━━━━━ Records shown

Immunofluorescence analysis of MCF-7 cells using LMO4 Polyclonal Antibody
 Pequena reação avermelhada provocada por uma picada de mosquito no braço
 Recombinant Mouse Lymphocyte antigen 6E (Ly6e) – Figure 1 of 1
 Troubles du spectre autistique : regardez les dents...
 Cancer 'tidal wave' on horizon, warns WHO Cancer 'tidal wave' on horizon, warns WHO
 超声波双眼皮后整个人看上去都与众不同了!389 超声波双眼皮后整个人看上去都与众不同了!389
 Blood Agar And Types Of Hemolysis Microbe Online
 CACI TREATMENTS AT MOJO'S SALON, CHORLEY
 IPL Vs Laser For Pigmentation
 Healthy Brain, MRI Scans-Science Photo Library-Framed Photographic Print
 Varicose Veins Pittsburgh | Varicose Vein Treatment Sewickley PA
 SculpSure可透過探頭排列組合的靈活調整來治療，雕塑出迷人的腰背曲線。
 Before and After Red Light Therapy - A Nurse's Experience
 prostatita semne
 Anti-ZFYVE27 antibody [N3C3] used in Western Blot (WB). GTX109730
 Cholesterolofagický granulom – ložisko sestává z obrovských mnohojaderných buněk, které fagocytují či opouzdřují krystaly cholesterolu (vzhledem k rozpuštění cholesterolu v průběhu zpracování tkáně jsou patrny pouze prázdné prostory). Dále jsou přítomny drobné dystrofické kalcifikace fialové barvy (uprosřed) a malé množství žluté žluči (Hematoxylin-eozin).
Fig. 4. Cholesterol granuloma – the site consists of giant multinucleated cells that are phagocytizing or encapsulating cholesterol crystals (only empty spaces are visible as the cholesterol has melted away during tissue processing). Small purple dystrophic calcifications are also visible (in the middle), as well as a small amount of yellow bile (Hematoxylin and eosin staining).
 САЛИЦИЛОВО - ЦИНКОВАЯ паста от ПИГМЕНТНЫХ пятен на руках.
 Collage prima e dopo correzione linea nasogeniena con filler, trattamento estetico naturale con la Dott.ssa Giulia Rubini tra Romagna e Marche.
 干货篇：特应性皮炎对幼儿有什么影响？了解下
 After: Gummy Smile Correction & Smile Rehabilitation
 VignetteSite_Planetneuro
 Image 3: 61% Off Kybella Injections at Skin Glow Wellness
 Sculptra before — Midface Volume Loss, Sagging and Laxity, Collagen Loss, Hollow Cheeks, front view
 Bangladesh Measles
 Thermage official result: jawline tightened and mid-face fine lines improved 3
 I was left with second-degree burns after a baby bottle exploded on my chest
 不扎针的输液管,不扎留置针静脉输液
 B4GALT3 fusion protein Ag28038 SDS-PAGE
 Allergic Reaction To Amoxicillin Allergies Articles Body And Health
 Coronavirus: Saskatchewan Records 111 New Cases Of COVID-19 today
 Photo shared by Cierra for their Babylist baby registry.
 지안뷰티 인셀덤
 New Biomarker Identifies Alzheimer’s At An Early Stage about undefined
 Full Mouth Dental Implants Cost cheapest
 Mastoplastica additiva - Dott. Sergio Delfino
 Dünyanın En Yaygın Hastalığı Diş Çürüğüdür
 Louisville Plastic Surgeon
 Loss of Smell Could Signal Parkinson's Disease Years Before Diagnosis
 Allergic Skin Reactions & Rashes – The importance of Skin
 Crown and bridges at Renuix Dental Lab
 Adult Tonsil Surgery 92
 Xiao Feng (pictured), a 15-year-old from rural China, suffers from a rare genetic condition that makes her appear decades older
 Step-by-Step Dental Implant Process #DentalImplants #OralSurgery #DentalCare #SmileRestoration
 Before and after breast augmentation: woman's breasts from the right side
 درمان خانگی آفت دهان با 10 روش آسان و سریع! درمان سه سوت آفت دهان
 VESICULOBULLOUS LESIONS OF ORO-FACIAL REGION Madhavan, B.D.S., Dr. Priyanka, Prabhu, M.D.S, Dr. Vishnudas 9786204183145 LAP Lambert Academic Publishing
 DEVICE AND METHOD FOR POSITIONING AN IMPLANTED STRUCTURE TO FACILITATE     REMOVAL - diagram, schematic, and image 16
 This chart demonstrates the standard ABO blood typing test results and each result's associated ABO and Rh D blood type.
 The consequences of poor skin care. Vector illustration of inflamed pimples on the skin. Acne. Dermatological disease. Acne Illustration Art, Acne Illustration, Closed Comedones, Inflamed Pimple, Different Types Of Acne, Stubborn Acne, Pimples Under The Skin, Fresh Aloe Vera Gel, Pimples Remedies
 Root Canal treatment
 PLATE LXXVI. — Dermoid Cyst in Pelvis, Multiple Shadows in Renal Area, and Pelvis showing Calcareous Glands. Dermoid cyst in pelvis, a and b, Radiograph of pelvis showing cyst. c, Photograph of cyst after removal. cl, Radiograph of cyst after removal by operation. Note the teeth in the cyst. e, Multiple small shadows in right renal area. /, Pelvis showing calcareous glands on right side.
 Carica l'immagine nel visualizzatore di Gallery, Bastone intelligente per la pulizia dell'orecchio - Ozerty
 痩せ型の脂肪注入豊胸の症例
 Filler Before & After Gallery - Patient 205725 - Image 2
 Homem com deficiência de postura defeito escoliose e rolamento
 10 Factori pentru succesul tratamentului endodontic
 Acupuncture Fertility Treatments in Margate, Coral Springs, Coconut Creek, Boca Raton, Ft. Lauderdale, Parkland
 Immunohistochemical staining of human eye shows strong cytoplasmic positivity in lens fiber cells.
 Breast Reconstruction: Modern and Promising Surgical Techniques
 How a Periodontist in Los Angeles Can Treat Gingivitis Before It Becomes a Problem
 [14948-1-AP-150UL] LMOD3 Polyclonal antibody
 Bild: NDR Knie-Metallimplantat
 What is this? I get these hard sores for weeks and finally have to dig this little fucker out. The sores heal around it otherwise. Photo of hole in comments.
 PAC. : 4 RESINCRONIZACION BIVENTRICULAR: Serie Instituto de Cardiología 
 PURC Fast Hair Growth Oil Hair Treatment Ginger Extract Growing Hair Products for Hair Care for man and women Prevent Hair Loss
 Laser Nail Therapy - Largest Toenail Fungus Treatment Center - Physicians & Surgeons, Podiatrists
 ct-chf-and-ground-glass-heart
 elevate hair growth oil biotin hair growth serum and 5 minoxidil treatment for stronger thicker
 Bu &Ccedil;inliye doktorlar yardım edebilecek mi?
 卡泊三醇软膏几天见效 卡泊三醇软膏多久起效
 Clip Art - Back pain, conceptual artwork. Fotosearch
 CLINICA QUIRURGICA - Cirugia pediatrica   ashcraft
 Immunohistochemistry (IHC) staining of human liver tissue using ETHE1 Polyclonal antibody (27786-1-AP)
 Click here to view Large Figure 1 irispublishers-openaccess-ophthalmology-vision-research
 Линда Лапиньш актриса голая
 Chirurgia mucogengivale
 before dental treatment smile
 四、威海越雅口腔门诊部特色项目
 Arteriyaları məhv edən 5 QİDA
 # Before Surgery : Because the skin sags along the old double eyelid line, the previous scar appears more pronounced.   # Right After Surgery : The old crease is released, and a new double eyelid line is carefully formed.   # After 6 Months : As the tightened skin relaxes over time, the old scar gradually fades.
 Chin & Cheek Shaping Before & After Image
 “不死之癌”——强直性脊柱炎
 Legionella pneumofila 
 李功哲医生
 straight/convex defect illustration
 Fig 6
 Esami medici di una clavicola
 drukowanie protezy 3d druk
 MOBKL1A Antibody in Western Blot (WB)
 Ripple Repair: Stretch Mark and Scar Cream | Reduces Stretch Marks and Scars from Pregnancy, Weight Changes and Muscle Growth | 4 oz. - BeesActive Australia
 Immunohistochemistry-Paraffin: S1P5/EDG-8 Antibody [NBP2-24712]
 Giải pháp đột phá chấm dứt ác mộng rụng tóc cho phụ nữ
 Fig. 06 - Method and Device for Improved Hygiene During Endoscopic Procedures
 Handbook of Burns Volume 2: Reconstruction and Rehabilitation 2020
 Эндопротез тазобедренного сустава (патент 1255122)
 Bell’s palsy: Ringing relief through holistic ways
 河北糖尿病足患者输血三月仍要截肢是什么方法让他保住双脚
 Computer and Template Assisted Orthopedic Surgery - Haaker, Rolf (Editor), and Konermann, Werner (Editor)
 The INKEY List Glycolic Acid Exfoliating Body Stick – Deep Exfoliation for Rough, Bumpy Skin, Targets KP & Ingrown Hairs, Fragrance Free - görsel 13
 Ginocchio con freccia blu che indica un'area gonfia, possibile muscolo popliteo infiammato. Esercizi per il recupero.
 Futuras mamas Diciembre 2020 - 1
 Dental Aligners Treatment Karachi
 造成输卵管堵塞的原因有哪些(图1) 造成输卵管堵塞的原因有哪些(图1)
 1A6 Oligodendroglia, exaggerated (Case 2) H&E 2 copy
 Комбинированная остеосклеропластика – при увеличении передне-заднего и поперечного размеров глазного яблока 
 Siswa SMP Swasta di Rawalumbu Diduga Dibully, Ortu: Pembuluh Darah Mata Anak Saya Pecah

━━━━━━━━━━

Return only the stretch of the material above from the line holding "Root Canal treatment" through the line holding "PLATE LXXVI. —", copied exactly.

 Root Canal treatment
 PLATE LXXVI. — Dermoid Cyst in Pelvis, Multiple Shadows in Renal Area, and Pelvis showing Calcareous Glands. Dermoid cyst in pelvis, a and b, Radiograph of pelvis showing cyst. c, Photograph of cyst after removal. cl, Radiograph of cyst after removal by operation. Note the teeth in the cyst. e, Multiple small shadows in right renal area. /, Pelvis showing calcareous glands on right side.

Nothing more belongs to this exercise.